Cindrich explained that the exit sign used to be obscured in its old location by an elevation change. Previously it was installed a half mile south of the Kisco Avenue exit.
Cindrich said this could lead to confusion that Washburn might be mistaken for an entrance to the parkway. During the meeting, he described an anecdote where he saw a driver speeding on the street. The mayor stopped him and asked where he was going. Cindrich said the driver responded by telling him that he saw the sign and thought the street was an entrance.
During the meeting, trustees also discussed planting trees as a way to shield the visibility of the sign from the road.
Route 172/McLain Street Housing Development
With a Bedford Town Board meeting set on Jan. 19 to discuss a controversial proposed housing development near the intersection of Route 172 and McLain Street, Mayor Cindrich offered his opinion on the matter.
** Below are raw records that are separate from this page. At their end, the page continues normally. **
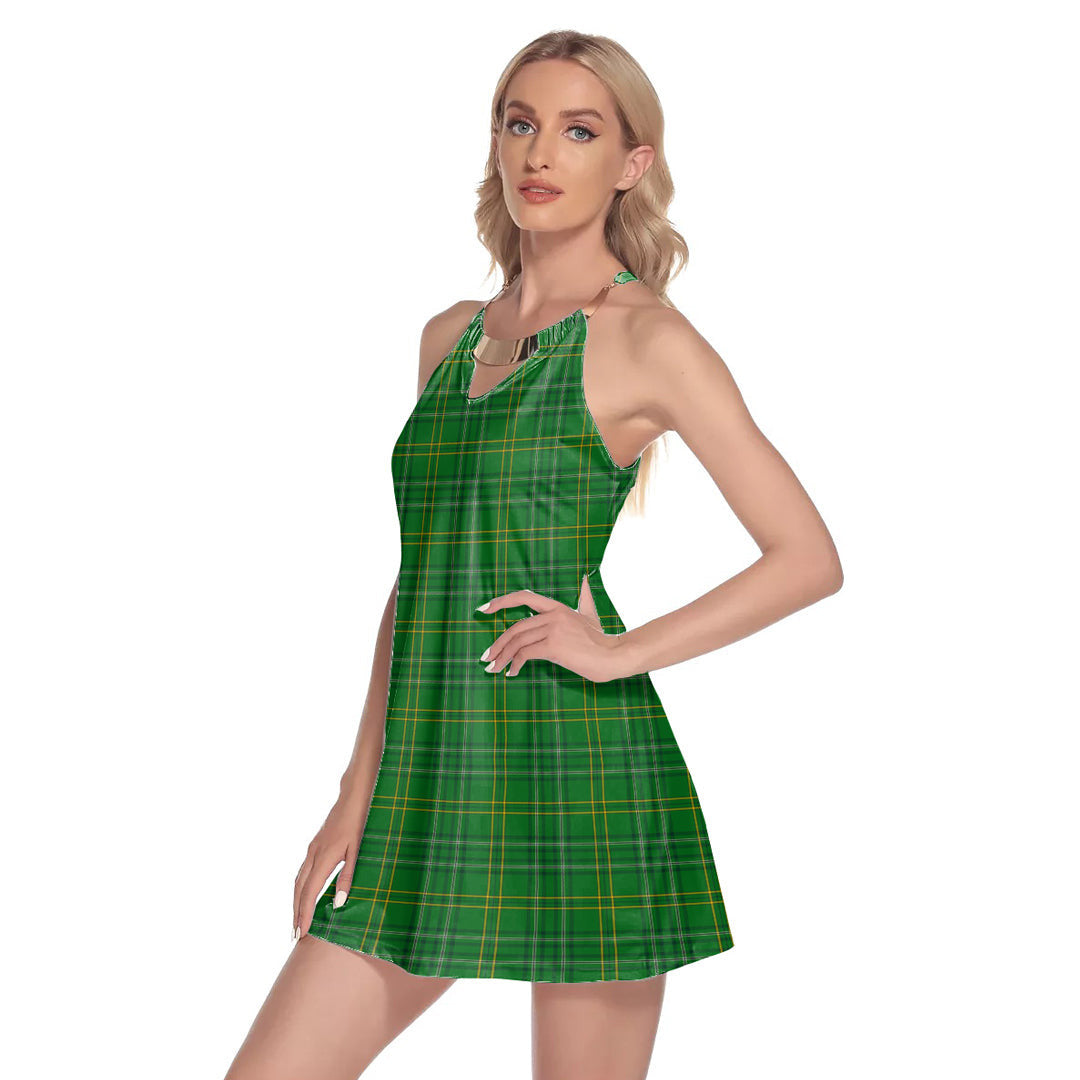 Wexford County Tartan Plaid Round Neck Above Knee Dress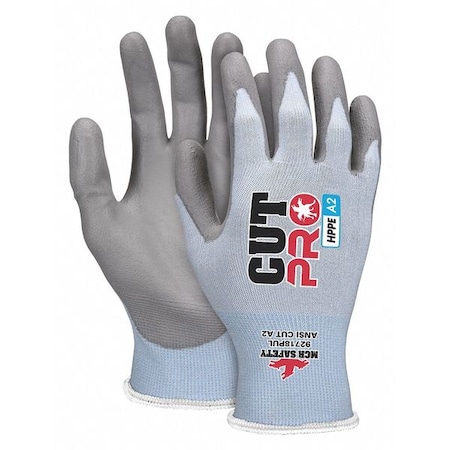 Cut-Resistant Coated Gloves, Cut Level A2 ,Dipped ,Polyurethane ,Smooth ,XL 12 PK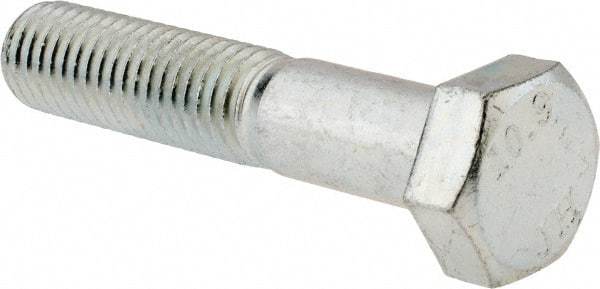 Value Collection - M12x1.75mm Metric Coarse, 60mm Length Under Head Hex Head Cap Screw - Partially Threaded, Grade 10.9 Alloy Steel, Zinc-Plated Finish, 19mm Hex - Eagle Tool & Supply
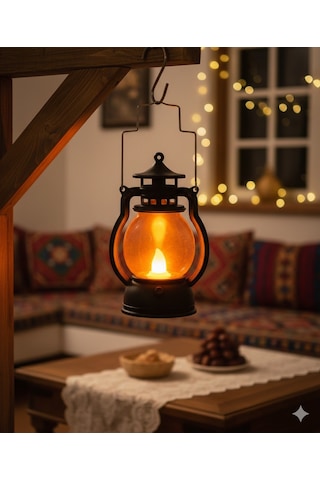 13 Cm Ledli Gaz Lambası Model Siyah Fener - Pil Dahil Dekoratif Fener Diğer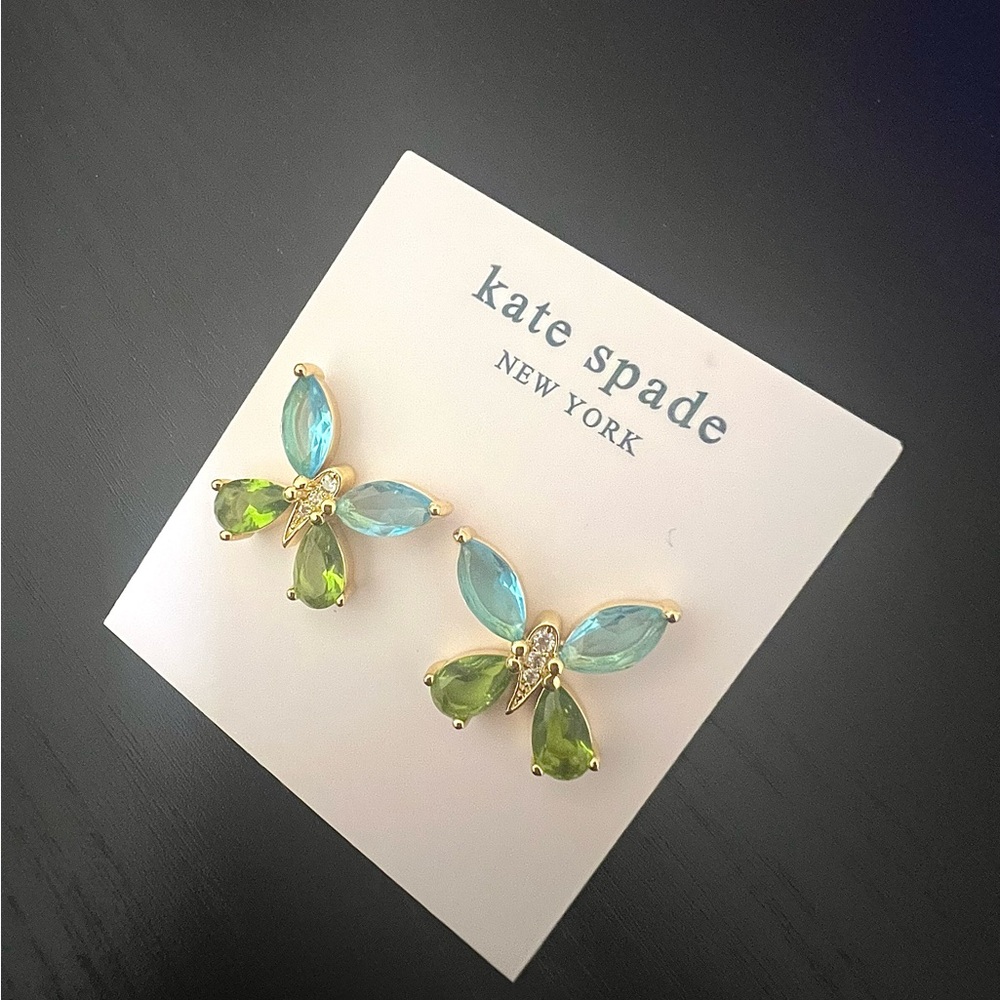 Kate Spade Blue and Green Butterfly Earrings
He said that he was worried about a proposal to build a septic system on the property instead of tying into the village's existing sewer system, citing possible pollution of the wetlands and wells in the area.
"We're concerned with the wells in the whole region and also the New York City watershed," Cindrich said after the meeting.
Cindrich also raised concerns about the ingress egress of the development, or entering and exiting.
Advertising Free Parking Times on Pay Stations
During a discussion about the new LUKE parking stations in Shopper's Park at the board meeting, Trustee and Deputy Mayor Peter DiChiara proposed that the village put parking collection hours on the machines. Parking is free on Sundays and evenings after 6 p.m. He argued that there is a benefit for businesses when parking is free, and proposed putting the hours for paid parking on the machines. Right now, DiChiara said, it is not widely known that the village does not charge for parking. He also brought up anecdotes where he saw people paying for parking on Sundays. He also said that it would "engender some good will" from people.
Drug Council Partnership
The Mount Kisco Drug and Alcohol Abuse Prevention Council is now working in conjunction with a New Rochelle-based group called Project FOCUS to fight substance abuse, said Dr. Nan Miller, a member of the group.
The coalition of the groups will work off of $75,000 in grant money awarded by the White House Office of National Drug Control Policy and the Substance and Mental Health Services Administration, according to information provided by Miller.
Miller said that the contract for going along with the other group needs to be check by the village attorney before the mayor can sign it.
Rehabilitation of Lexington Avenue
Mayor Cindrich said during the meeting that is expects the county to work on resurfacing and other maintenance of Lexington Avenue this year. He also noted that funding for it came from money that he worked with then-Congresswoman Sue Kelly to obtain in 2004.